BEGIN
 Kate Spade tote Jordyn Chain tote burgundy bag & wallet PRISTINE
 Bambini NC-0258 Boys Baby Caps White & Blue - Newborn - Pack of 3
END
BEGIN
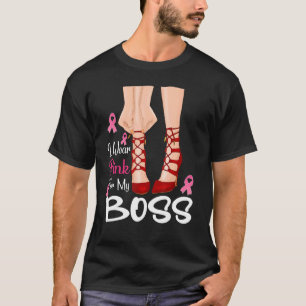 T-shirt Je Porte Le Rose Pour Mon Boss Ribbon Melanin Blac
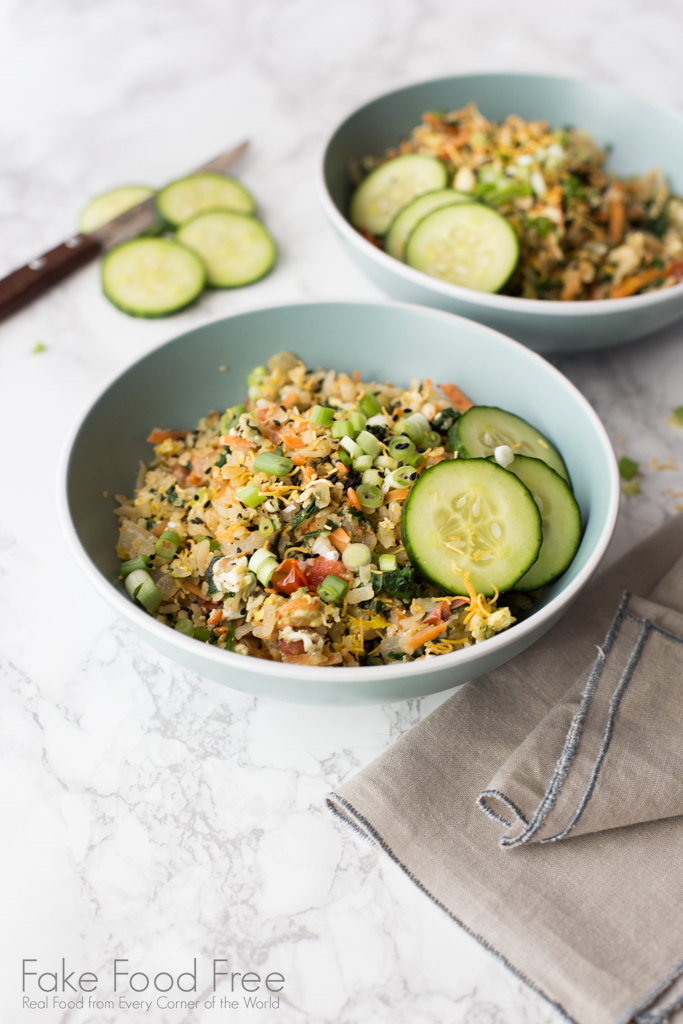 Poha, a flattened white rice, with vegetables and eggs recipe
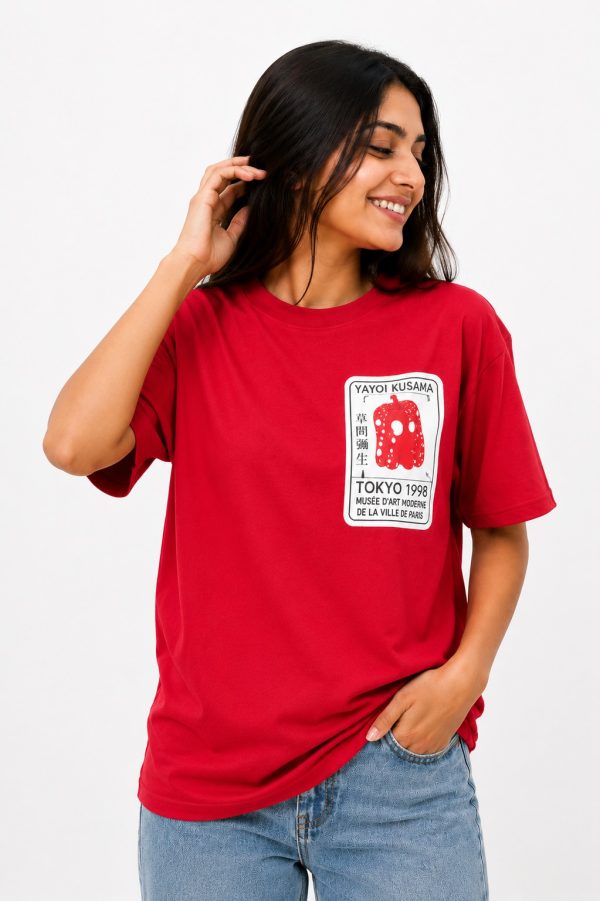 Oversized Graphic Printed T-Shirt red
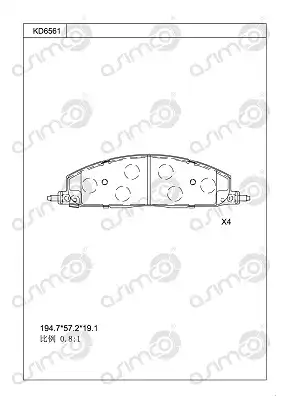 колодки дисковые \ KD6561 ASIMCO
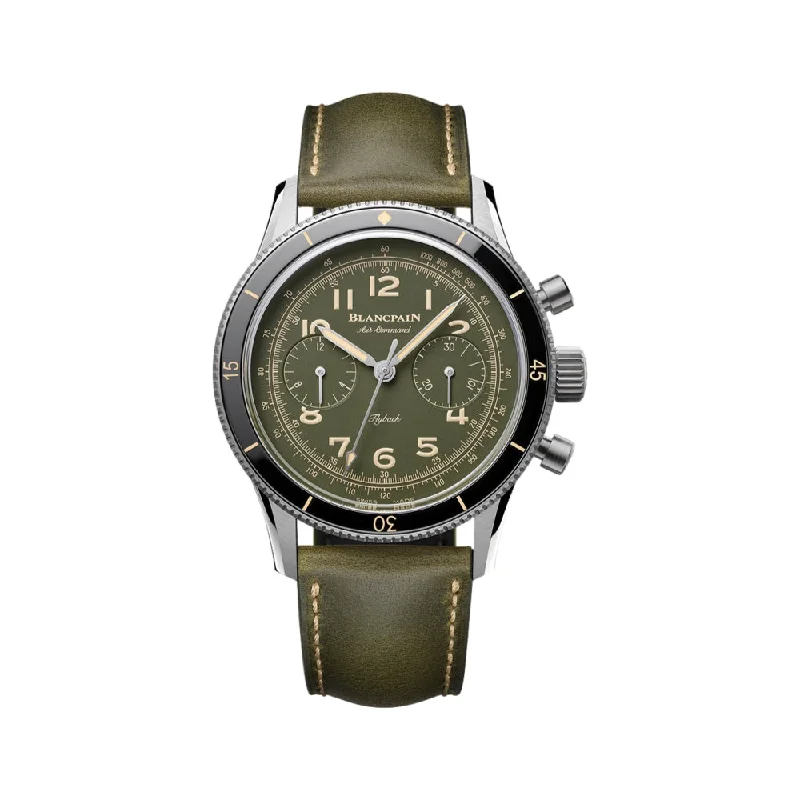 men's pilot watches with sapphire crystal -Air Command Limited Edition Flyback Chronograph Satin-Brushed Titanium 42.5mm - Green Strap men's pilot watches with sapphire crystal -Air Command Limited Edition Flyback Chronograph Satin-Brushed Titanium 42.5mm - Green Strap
END
Work to complete
Copy exactly the material above from the line with "колодки дисковые \ KD6561 ASIMCO" to the line with "Green Strap men's", ends included, and nothing else. Leave out any picture.

Worked solution
 колодки дисковые \ KD6561 ASIMCO
 men's pilot watches with sapphire crystal -Air Command Limited Edition Flyback Chronograph Satin-Brushed Titanium 42.5mm - Green Strap men's pilot watches with sapphire crystal -Air Command Limited Edition Flyback Chronograph Satin-Brushed Titanium 42.5mm - Green Strap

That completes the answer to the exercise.